At the invitation of the State Department, the OSCE sent 100 observers to more than 30 states to monitor the vote. The preliminary findings they release on Wednesday will be followed by a more comprehensive report early next year from the OSCE branch of election monitoring.
Observers expressed admiration for the administration of the election and a heavy amount of criticism. They described Election Day and early voting in previous weeks as “competitive and well managed” between the coronavirus pandemic, despite more than 400 lawsuits filed and in 44 states.
But the preliminary report spread its criticism widely. It expressed concern about “acumen campaign rhetoric”;, especially that of Trump, whom observers say often blurs the lines between the campaign and the administration.
The media reported accurate information, the research team said. But it accuses cable TV networks of reporting their views and bias and that the media expressed their political tendencies. It said online news sites “frequently put out exaggerated or out of place messages” amplified by social media.
Urszula Gacek, a former Polish diplomat who leads observers from the OSCE’s Office of Organization for Democracy and Human Rights, said a group visited the post offices to see the ballot’s processing. sent by mail found nothing.
“We feel that the allegations of systematic misconduct in these elections are not well grounded,” she said. “The system has worked fine.”
Observers devoted their harshest criticism to Trump’s remarks and his conduct.
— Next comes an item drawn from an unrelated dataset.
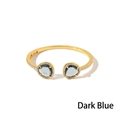 Bracciale rigido dorato con gemme blu inchiostro e dettagli in cristalli scintillanti - Oro + Blu Scuro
When publishing the report, Gacek said she was impressed by the high turnout rate “despite the incumbent president’s deliberate efforts to undermine confidence in the electoral process.”
The report criticized Trump’s “discriminatory and pitiful” statements against women and others and accused him of misusing his position.
“The difference between state and party activities is not always respected, as the incumbent president constantly uses his official capacity to gain political advantage,” it said.
The report said “most of the candidates” misrepresented, “especially from the incumbent president, thereby reducing voters’ ability to accurately assess their views and qualifications candidate”. And it criticized Trump for refusing to pledge to switch power peacefully if he lost and claiming repeatedly that the election was fraudulent.
Such statements by an incumbent president undermine public confidence in state institutions and are widely believed to increase the likelihood of predominantly motivated violence, the report said. after the election “.